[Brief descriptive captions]
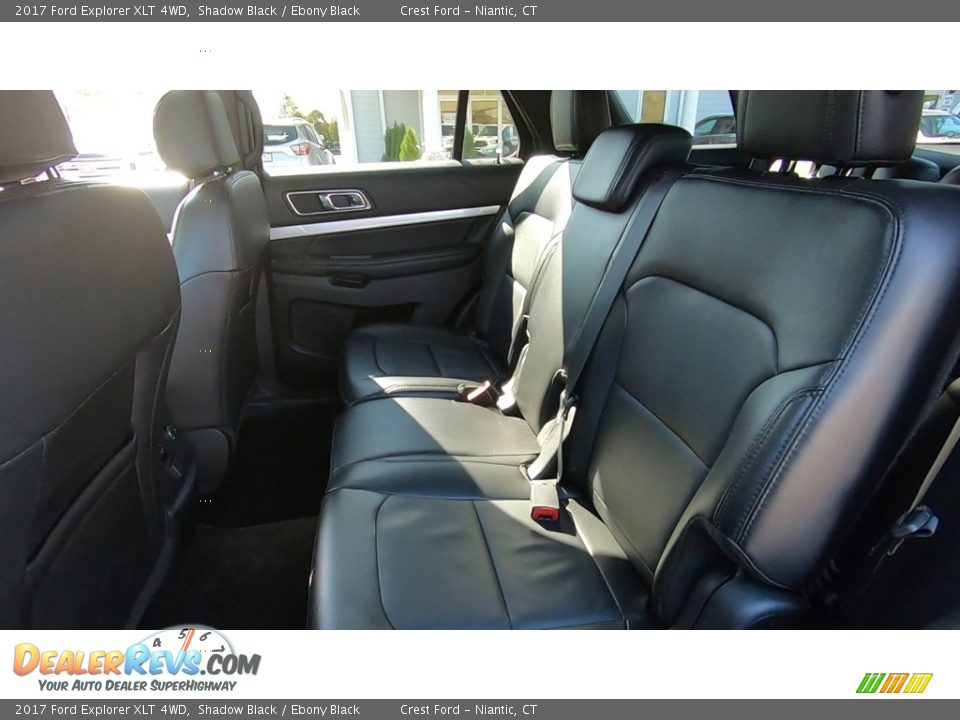 2017 Ford Explorer XLT 4WD Shadow Black / Ebony Black Photo #19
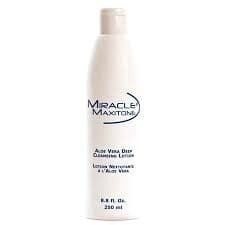 Miracle Maxitone Aloe vera deep cleansing lotion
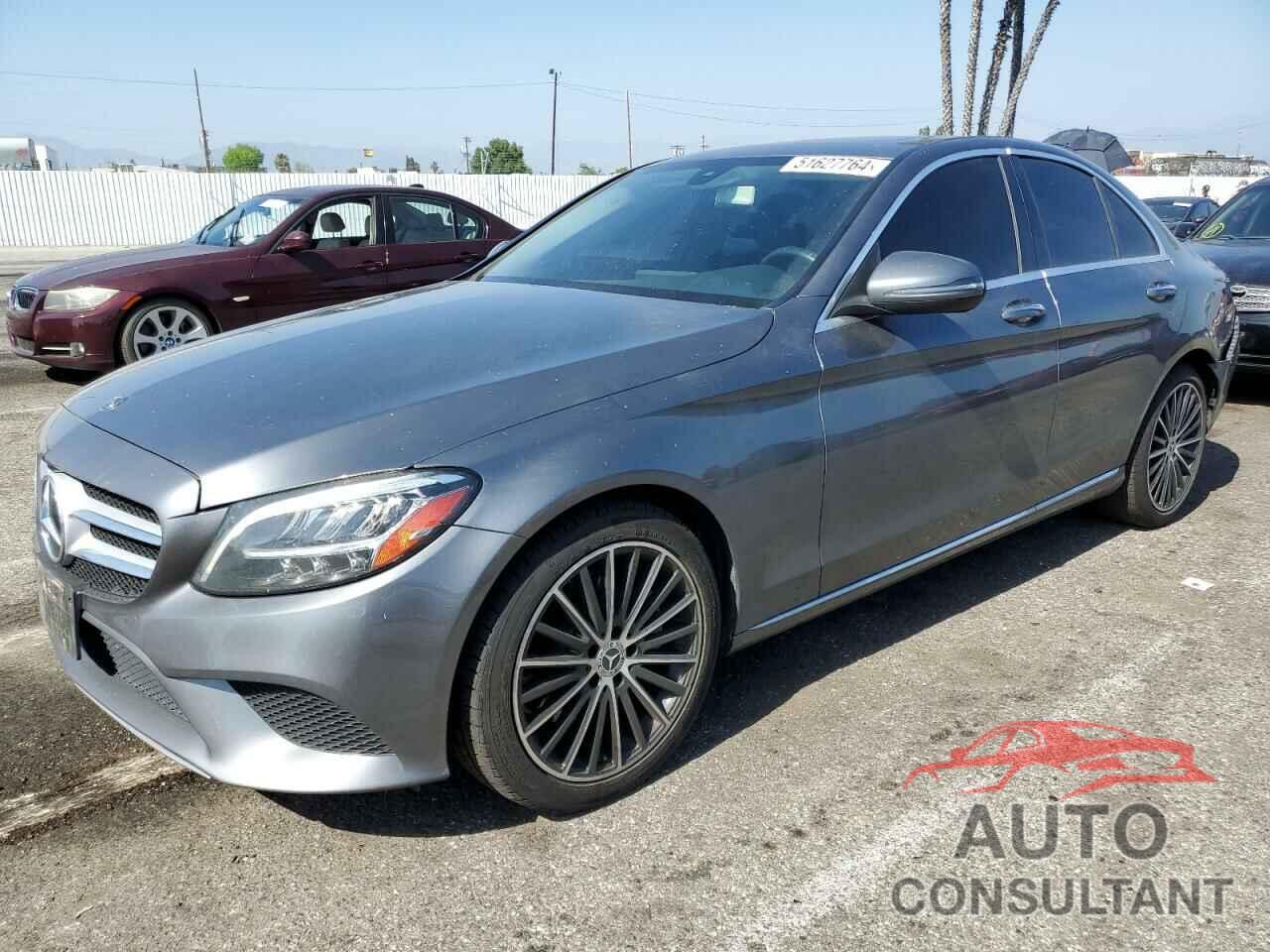 MERCEDES-BENZ C-CLASS 2020 - W1KWF8DB5LR570083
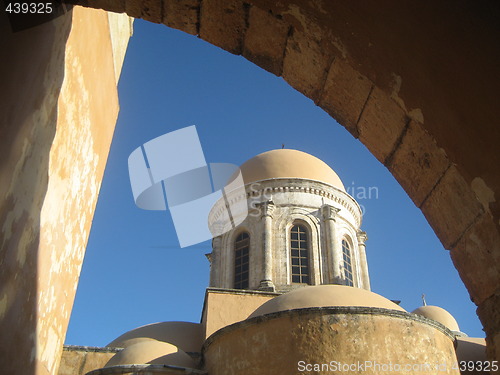 Image of Dome of Greek church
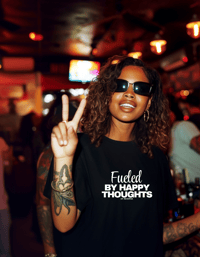 Image 1 of Happy Thoughts & Revenge Tee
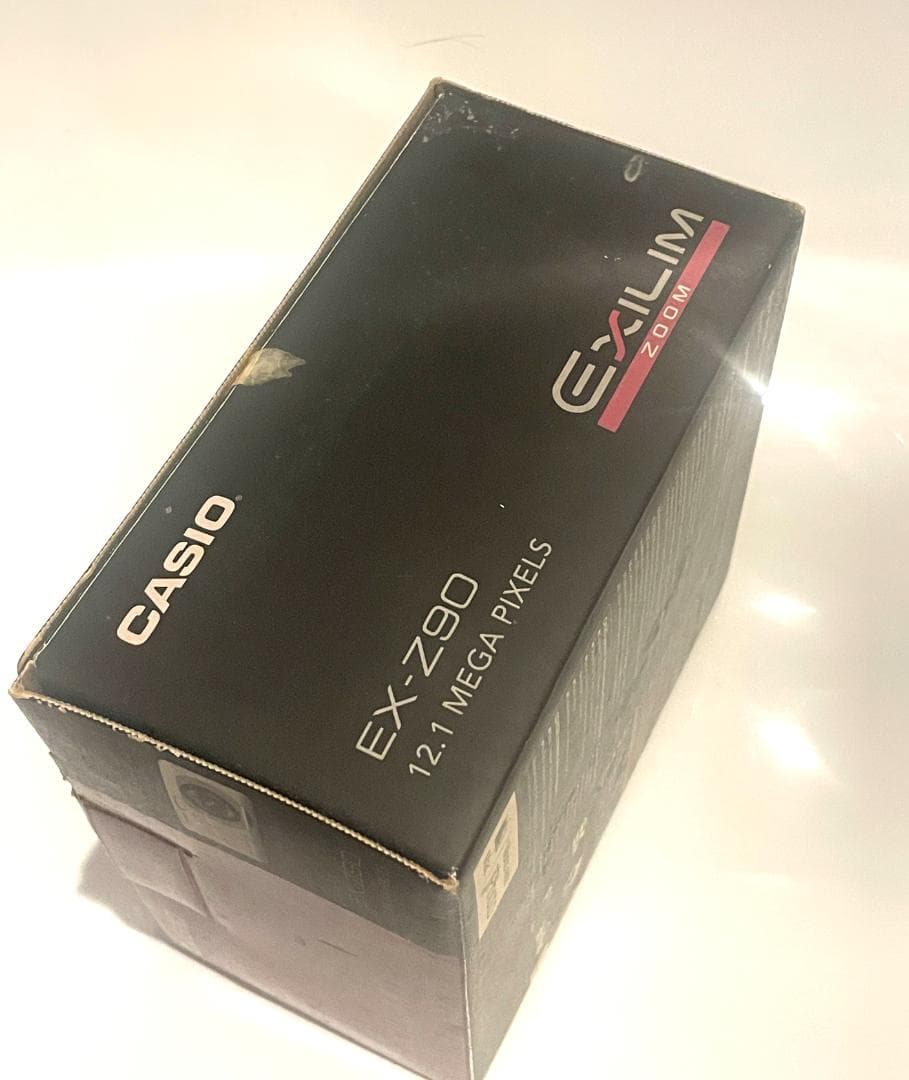 CASIO カシオ EXILIM EX-Z90 箱付き 動作確認済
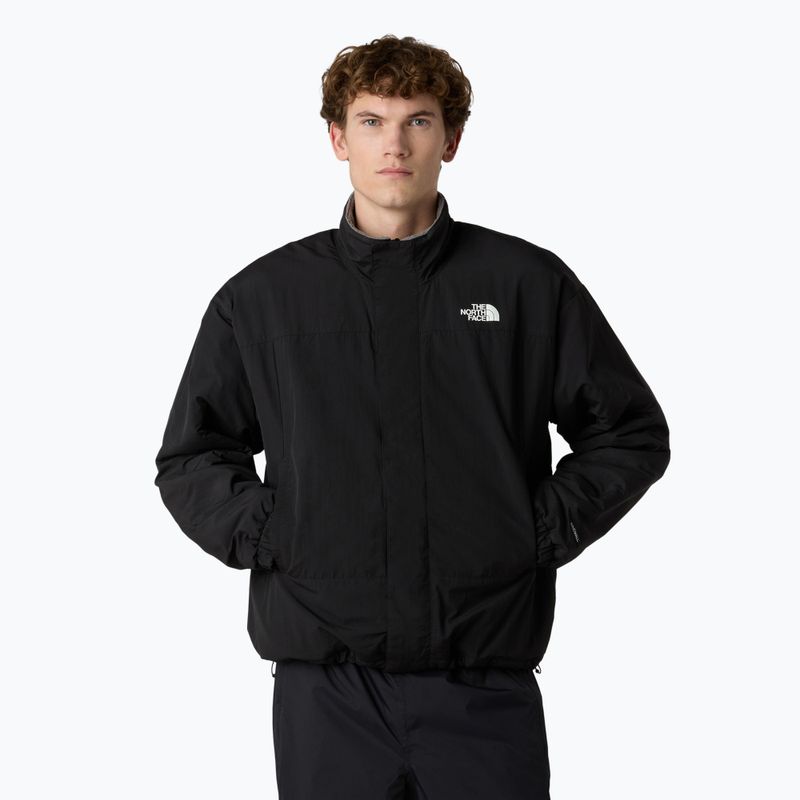 Férfi dzseki The North Face Yumiori Reversible fekete/füstös gyöngy 5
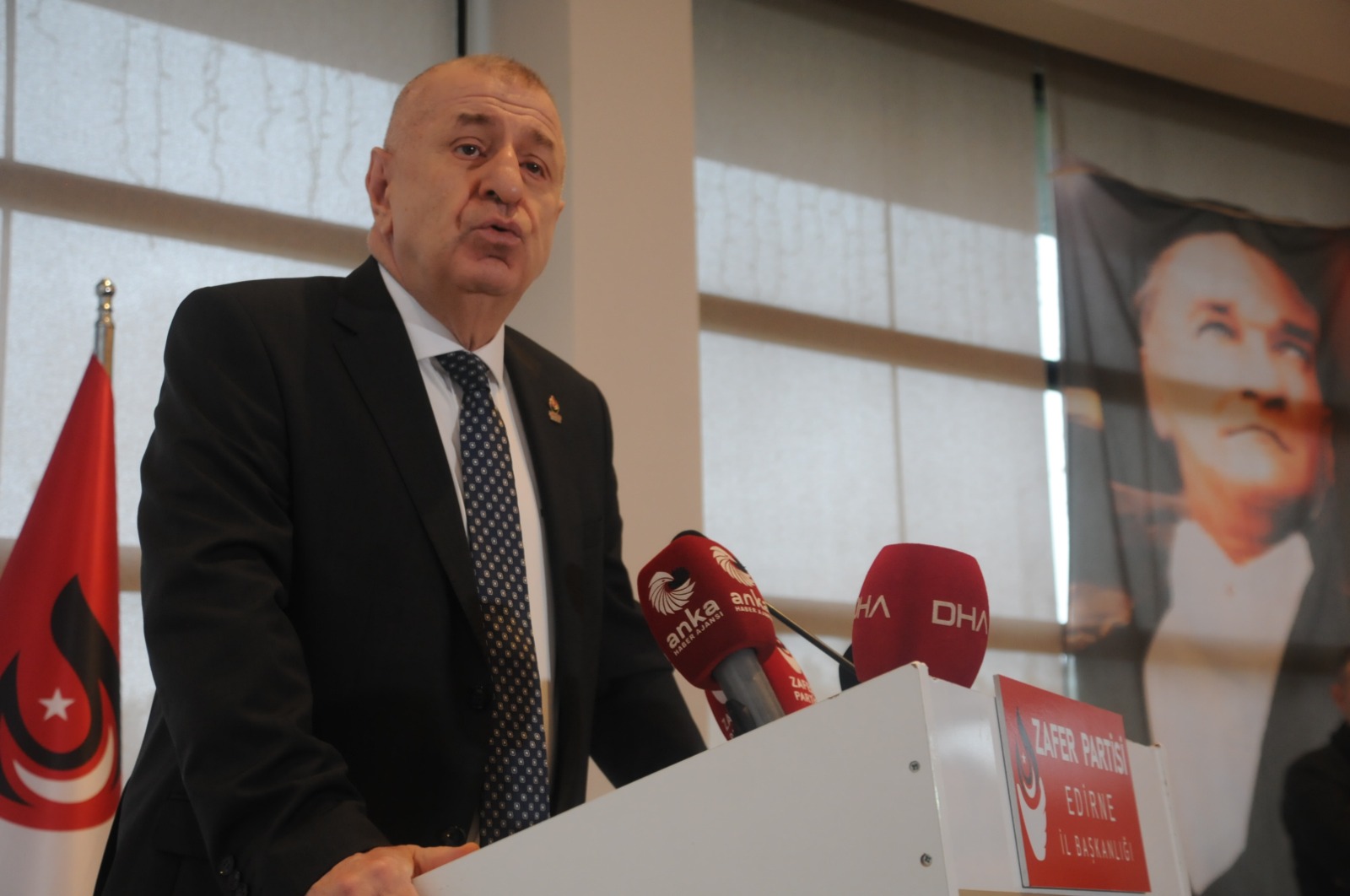 'Haine hain demekten vazgeçmeyeceğiz'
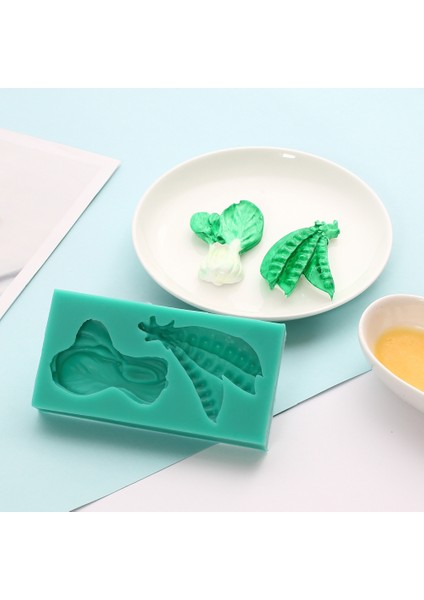 1 Adet-11 Tarzı Yeni Sebze Meyve Silikon Kalıp Çikolata Kalıbı Kek Süsleme Fondan Kalıplar Mutfak Fırın Pişirme Araçları Kil Araçları (Yurt Dışından) fırsatları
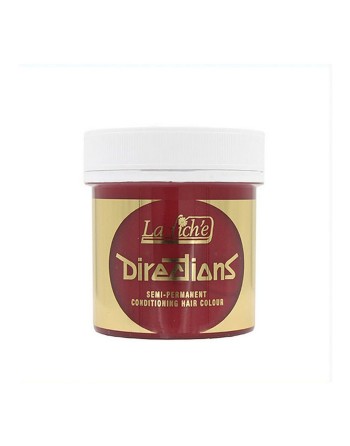 Couleur Semi-permanente Directions Color La Riché Color Semi Poppy Red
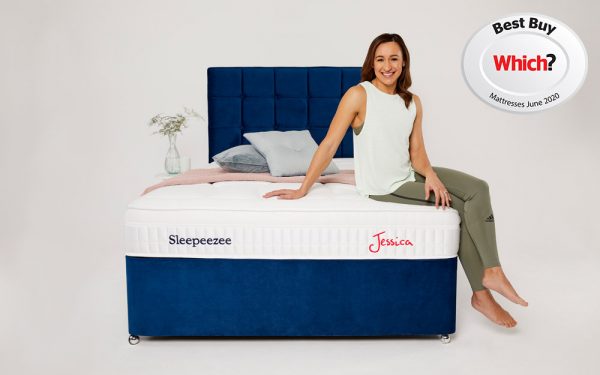 Sleepeezee Jessica 1800 Pocket Gel Mattress, Single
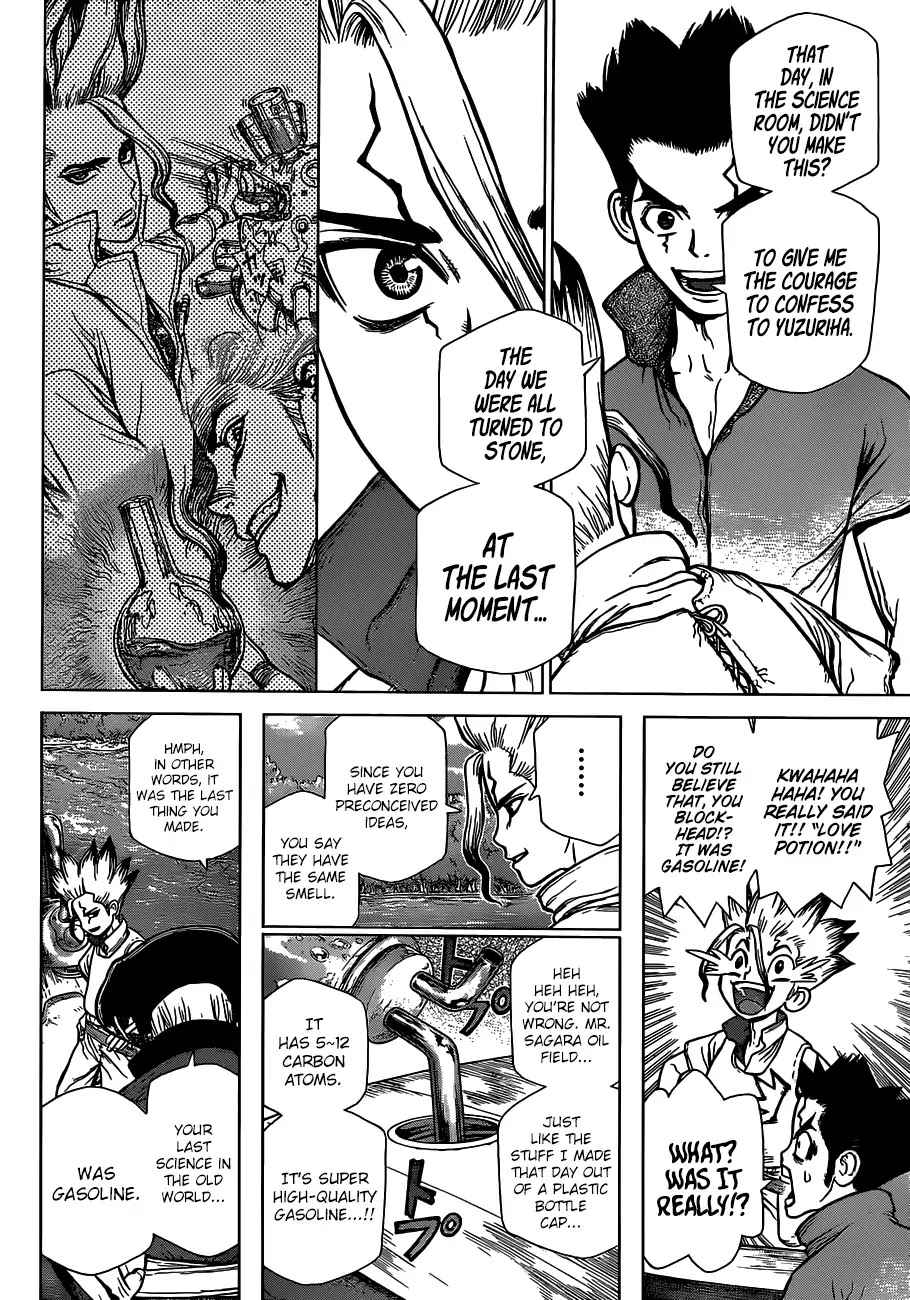 Dr.Stone, Chapter 95 First Contact image 11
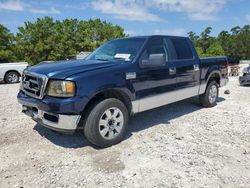 Salvage cars for sale at Houston, TX auction: 2006 Ford F150 Supercrew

Activity: With pictures left out, repeat exactly the lines from the one containing "hain demekten vazgeçmeyeceğiz'" through the last line of the data above, inclusive, and nothing else.

Exercise output:
 'Haine hain demekten vazgeçmeyeceğiz'
 1 Adet-11 Tarzı Yeni Sebze Meyve Silikon Kalıp Çikolata Kalıbı Kek Süsleme Fondan Kalıplar Mutfak Fırın Pişirme Araçları Kil Araçları (Yurt Dışından) fırsatları
 Couleur Semi-permanente Directions Color La Riché Color Semi Poppy Red
 Sleepeezee Jessica 1800 Pocket Gel Mattress, Single
 Dr.Stone, Chapter 95 First Contact image 11
 Salvage cars for sale at Houston, TX auction: 2006 Ford F150 Supercrew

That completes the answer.